Emmanuel Macron demande à Sébastien Lecornu de mener « d’ici mercredi soir d’ultimes négociations »

Photo: LUDOVIC MARIN/AFP via Getty Images
Emmanuel Macron a donné lundi à Sébastien Lecornu, Premier ministre le plus éphémère de la Ve République, quarante-huit heures pour tenter de sauver la majorité et éviter une dissolution. La mission est claire : renouer un compromis politique d’ici mercredi soir, sous peine pour le chef de l’État d’en « tirer toutes les conclusions ».
Le président de la République lui a confié « la responsabilité de mener, d’ici mercredi soir, d’ultimes négociations afin de définir une plateforme d’action et de stabilité pour le pays », a annoncé l’Élysée. « Je dirai au chef de l’État mercredi soir si cela est possible ou non, pour qu’il puisse en tirer toutes les conclusions qui s’imposent », a répondu sur X le Premier ministre, démissionnaire lundi matin moins de douze heures après avoir formé son gouvernement.
Une première réunion dès mardi matin
Sébastien Lecornu entamera dès mardi, à 9 heures, une série de discussions avec les dirigeants du « socle commun » – la fragile coalition unissant le camp présidentiel et Les Républicains – dont les tensions internes ont précipité sa démission. Les présidents de l’Assemblée nationale et du Sénat y assisteront.

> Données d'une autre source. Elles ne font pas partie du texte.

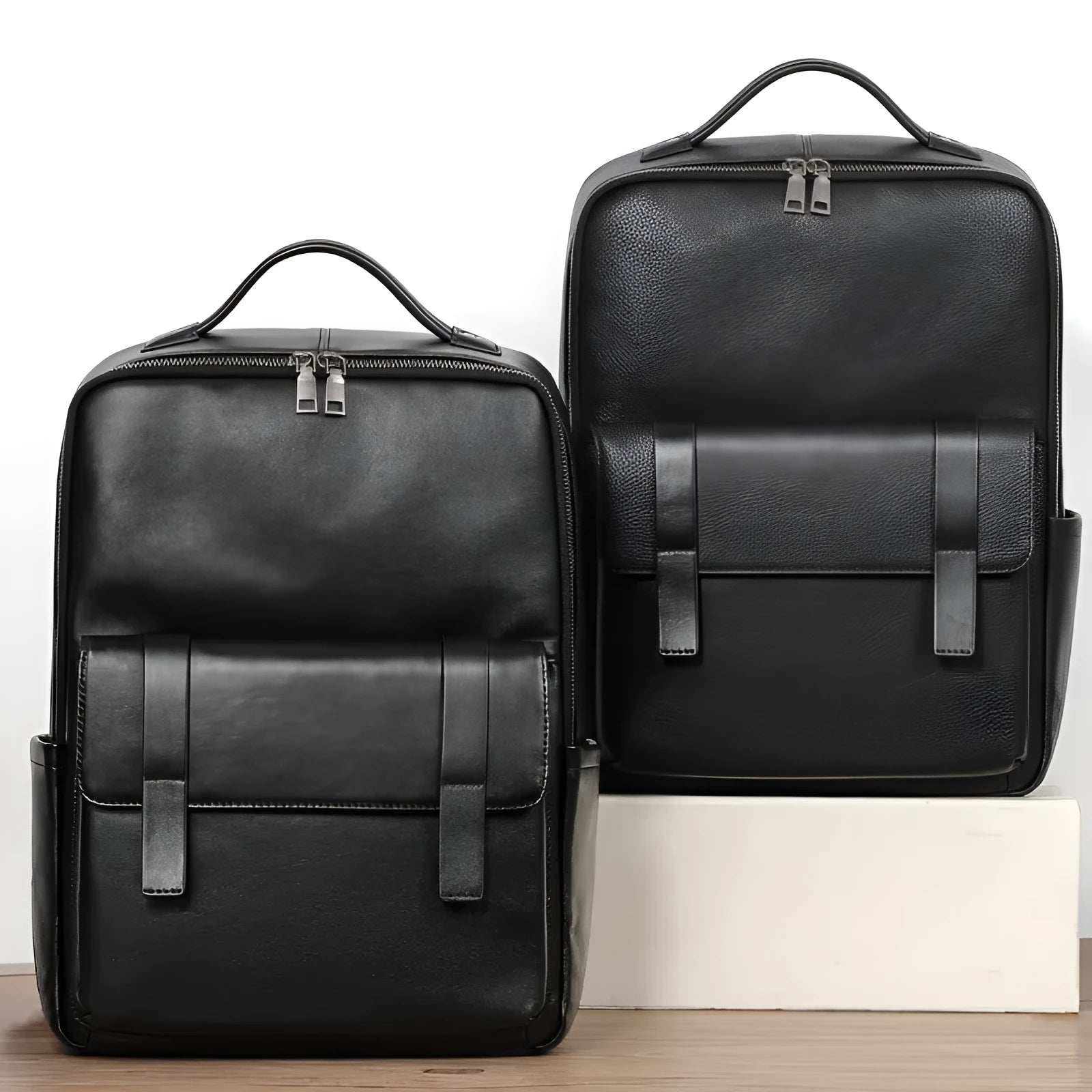 Large black genuine leather men's backpack with woven detail and a curved back panel.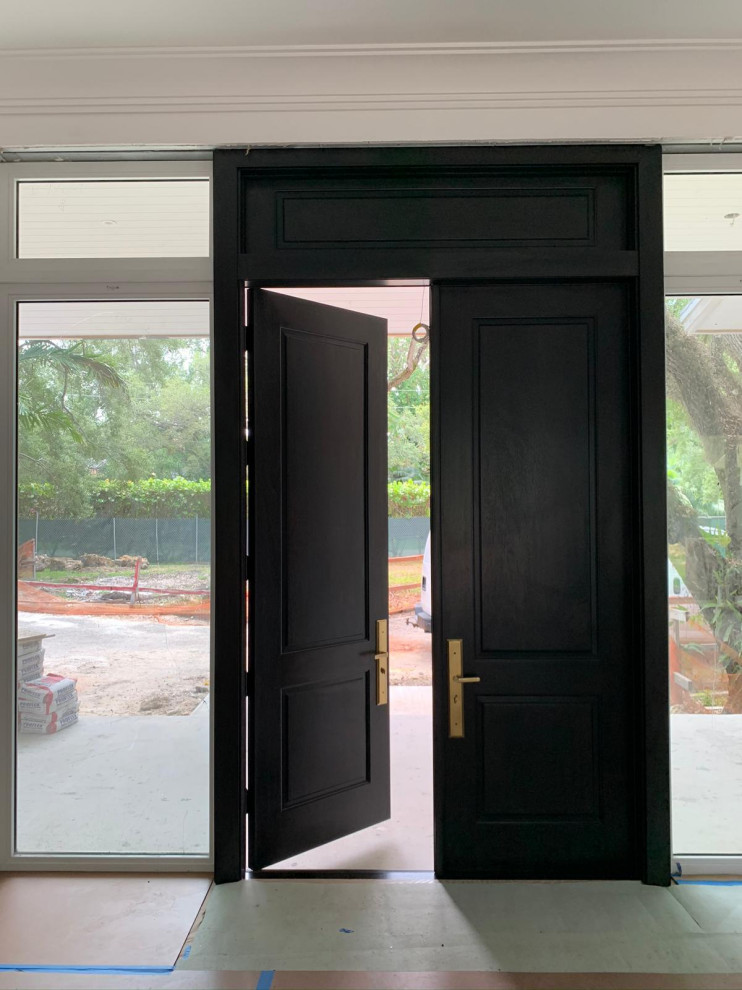На фото: входная дверь в стиле модернизм с бежевыми стенами, полом из керамогранита, двустворчатой входной дверью, входной дверью из дерева среднего тона, белым полом и деревянным потолком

Du côté de l’Élysée, on souligne qu’« en cas d’échec, le président prendra ses responsabilités », de quoi entretenir la menace d’une nouvelle dissolution. « Mais si ces discussions aboutissent, rien ne garantit que Sébastien Lecornu soit reconduit », prévient un proche du chef de l’État : « sa mission est technique, il doit simplement dire si des voies de compromis existent encore. »
Dans l’entourage présidentiel, on décrit un Emmanuel Macron « lucide mais décidé » à donner « une dernière chance à la responsabilité politique », dans un contexte « où la dissolution, comme la démission ou un nouveau gouvernement, restent sur la table ».
Une démission éclair et des tensions à droite
Troisième Premier ministre en un an depuis la dissolution de juin 2024, Sébastien Lecornu, nommé le 9 septembre, s’est rendu dès l’aube à l’Élysée pour remettre sa démission, à peine quatorze heures après la formation de son gouvernement. Celui-ci devait tenir son premier Conseil des ministres lundi après-midi. Emmanuel Macron l’a formellement acceptée, avant de lui confier cette ultime mission de conciliation.
« Les conditions n’étaient plus remplies », a expliqué Lecornu depuis Matignon, dénonçant « les appétits partisans » qui ont fait éclater sa coalition – une allusion à Bruno Retailleau, chef de file de LR, qui a retiré son soutien quelques heures après avoir accepté de rester au gouvernement.
L’ancien ministre de l’Intérieur a assuré ne se sentir « pas du tout responsable » de la crise. Il a regretté que son offre de renoncer à l’article 49.3 pour redonner la main au Parlement n’ait « pas permis » d’écarter la menace d’une motion de censure.
L’opposition vent debout, la tension financière monte
La démission du gouvernement le plus court de la Ve République plonge de nouveau la France dans une crise politique inédite depuis des décennies. L’opposition, toutes couleurs confondues, s’est aussitôt mise en mouvement.
« La fin de règne de la Macronie est interminable. Qu’ils s’en aillent tous ! », a lancé la députée insoumise Mathilde Panot. « Ce monde politique s’effondre et s’accroche comme une moule à son rocher », a ironisé la patronne des Écologistes, Marine Tondelier.
Le Rassemblement national, pour sa part, réclame ouvertement une issue électorale. Jordan Bardella a appelé à de nouvelles législatives anticipées, tandis que Marine Le Pen juge « absolument incontournable » une dissolution et voit dans une démission du président « un acte de sagesse ». Son allié Éric Ciotti a affirmé que le RN et l’UDR « censureront systématiquement tout gouvernement » jusqu’à la dissolution ou la démission du chef de l’État.
Jean-Luc Mélenchon (LFI) a réclamé « l’examen immédiat » d’une motion de destitution, tandis qu’Olivier Faure, premier secrétaire du Parti socialiste, a appelé Emmanuel Macron à nommer « un Premier ministre issu de la gauche et des Écologistes ». Il a toutefois salué sur X Sébastien Lecornu, « un gaulliste » ayant « démissionné avec dignité et honneur ».
Dans un climat d’incertitude institutionnelle, les marchés ont réagi. La Bourse de Paris a clôturé en baisse et, sur le marché obligataire, le taux français à dix ans est passé au-dessus de celui de l’Italie – un symbole rare, révélateur de la nervosité ambiante.